Then we got a Twizy, I got to tear that down, modify it's harness and put it into a 3D printed car we called the Strati at IMTS in 2014... it was nuts but we pulled it off.​


























Then things started getting crazy. We bought a brand new BMW I3, I led the team to delete as many components as possible to get it driving and then we put a 3D printed body on it. 
Lots of carbon fiber to cut through... and a very angry BMW, but it drove just fine in the end​

























Things started to get a bit crazy at work, 6 years, 60-100+ hr work weeks with unpaid overtime and no promotion, haha I was literally living in the parking lot. 
It became too corporate, lots of higher ups pushing good people that I respected completely off the ladder... lots of people got hired that liked money and hated cars, I got burned out and resigned with no plan. 
After Local I went on to work in the heavy bus transit industry in the bay area and ended up at Robby Gordon's shop. Been couch-surfing for the past few months, it has been interesting and fun, been learning lots! 



But back to now,
In the early 2000's a guy built a few dedicated tube chassis DC forklift powered rock crawlers but I have yet to see a modern one. I figured re-using a LEAF drivetrain would be the best move in terms of cost, timeline and simplicity. I was totally inspired by Rob Smith's leaf teardown and the other "pegboard leaf" drivetrain video, so I took the next move. 

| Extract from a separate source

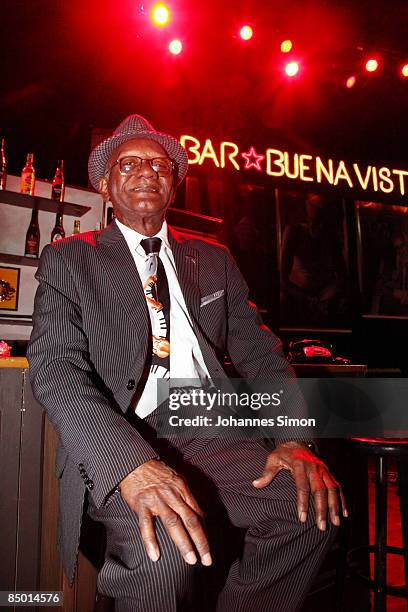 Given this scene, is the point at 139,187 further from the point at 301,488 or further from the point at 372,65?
the point at 372,65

I bought a Salvage 2013 Leaf at auction and plan to turn it into a rock crawler. Full-time on this mixed with some side work, I am taking a break from the corporate life right now and wish to visit some family in Hungary at the end of April


----------



## Slicknessindustries (Dec 25, 2016)

*Chassis*-The crawler will be tube chassis, A mixture of DOM and ERW. "transverse honda powered buggy style", single seater. I will sit on the passenger side and have the Nissan inverter/charger/motor/gearbox combo on the drivers side mounted in line with the differentials. 

*Drive Train*-using only the leaf drive-line components and directly driving a pair of solid axles. I will have to modify the battery pack configuration to package the vehicle the way I want. The motor stack will be turned in a longitudinal orientation.

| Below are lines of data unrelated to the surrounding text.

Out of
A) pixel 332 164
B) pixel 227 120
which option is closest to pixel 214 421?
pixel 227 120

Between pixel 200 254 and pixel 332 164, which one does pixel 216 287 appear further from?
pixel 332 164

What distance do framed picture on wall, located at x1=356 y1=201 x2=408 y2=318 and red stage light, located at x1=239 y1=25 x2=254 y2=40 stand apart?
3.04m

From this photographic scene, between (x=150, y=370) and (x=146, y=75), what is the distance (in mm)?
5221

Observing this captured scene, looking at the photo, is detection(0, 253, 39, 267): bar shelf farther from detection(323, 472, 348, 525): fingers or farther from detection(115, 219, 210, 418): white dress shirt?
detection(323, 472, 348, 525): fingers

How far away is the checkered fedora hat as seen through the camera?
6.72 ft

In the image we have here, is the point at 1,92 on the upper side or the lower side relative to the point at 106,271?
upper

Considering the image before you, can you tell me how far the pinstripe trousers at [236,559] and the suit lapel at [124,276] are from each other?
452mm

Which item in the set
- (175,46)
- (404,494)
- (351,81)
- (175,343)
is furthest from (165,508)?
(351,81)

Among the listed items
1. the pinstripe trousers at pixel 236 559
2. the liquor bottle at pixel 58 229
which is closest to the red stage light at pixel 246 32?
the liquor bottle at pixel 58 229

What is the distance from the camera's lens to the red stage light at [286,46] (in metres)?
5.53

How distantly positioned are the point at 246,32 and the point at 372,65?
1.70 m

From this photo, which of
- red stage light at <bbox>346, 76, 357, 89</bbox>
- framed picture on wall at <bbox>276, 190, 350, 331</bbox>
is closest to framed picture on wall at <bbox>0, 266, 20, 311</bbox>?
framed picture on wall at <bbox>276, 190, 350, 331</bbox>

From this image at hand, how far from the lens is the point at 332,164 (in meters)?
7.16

*Speed*- I calculated that it should have a max speed of 43.81 MPH 39" tall tires, I am driving 3.54 ratio axles directly from the leaf drive axles, it will have plenty of torque to turn them and hopefully blow some stuff up too! 

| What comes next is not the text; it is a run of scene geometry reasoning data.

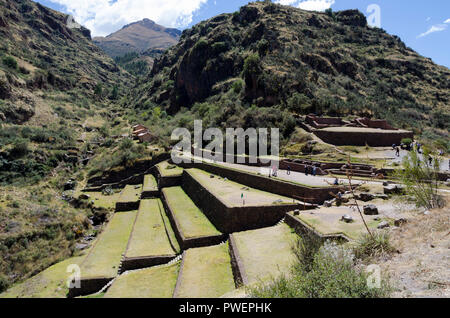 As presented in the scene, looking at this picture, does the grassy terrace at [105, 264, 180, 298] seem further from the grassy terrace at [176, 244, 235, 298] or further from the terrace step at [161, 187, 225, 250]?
the terrace step at [161, 187, 225, 250]

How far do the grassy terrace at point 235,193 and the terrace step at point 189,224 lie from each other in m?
1.87

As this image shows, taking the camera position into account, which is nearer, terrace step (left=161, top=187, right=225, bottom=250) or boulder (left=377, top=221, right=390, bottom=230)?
boulder (left=377, top=221, right=390, bottom=230)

*Range*- With a 30% battery loss, giant tires and just horrible drive-line and vehicle characteristics I expect a range of 15-20 miles, I will be towed from a trailer to the trailhead by fellow rock crawlers and have a genset on the trailer. 

*Steering*- To keep it quiet (no electro-hydraulics) I want to use the Leafs electric power assisted column driving an oldschool manual gearbox, likely sourced from a large vintage truck (like an old C60) I will probably use a steering quickener post assist to keep the clock-spring and Leaf EPAS happy 

*Suspension*- Three link with panhard front and rear with air shocks

*Tires*- 39" tires on double beadlocks

*Axles*- A high pinion, 1989 F350 kingpin Dana 60 and GM 14bolt I have lying around, modifying the 14bolt to drop the differential at the drivers side. I will be running stock 3.54 gears. 

*Street Legality*- after helping to register some ~100 specialty construction Rally Fighters at the DMV I know the ins and outs, this will have an Arizona SPECO title and a hard plate


Building the entire thing out of my mothers garage in Phoenix Arizona! 

Many of the trails that I dreamed to wheel on got closed down since I completed the Dakotas solid axle swap in 2010. Trails get closed down because of noise/air pollution, environmental spills and general carelessness of not treading lightly. I noticed that there is a large "gap" between the OHV/offroad community and the EV community, I wish to close this and bring viewpoints from both sides of the table to light and start opening trails. I also have been itching to build a tube chassis crawler for quite some time now and right now is certainly a good time to start!

It all starts with this little Leaf, its a 2013 base model S with the slow charger, 39,000 miles, the auction place stated it does not turn on.


----------



## Matej (Dec 4, 2015)

You have probably already seen this YouTube channel, but these rock-crawling EV-converted Jeeps are pretty neat:
https://www.youtube.com/user/snuelpl/videos


----------



## nucleus (May 18, 2012)

*Wow, just Wow*

Your projects are spectacular. I look forward to watching this new one progress.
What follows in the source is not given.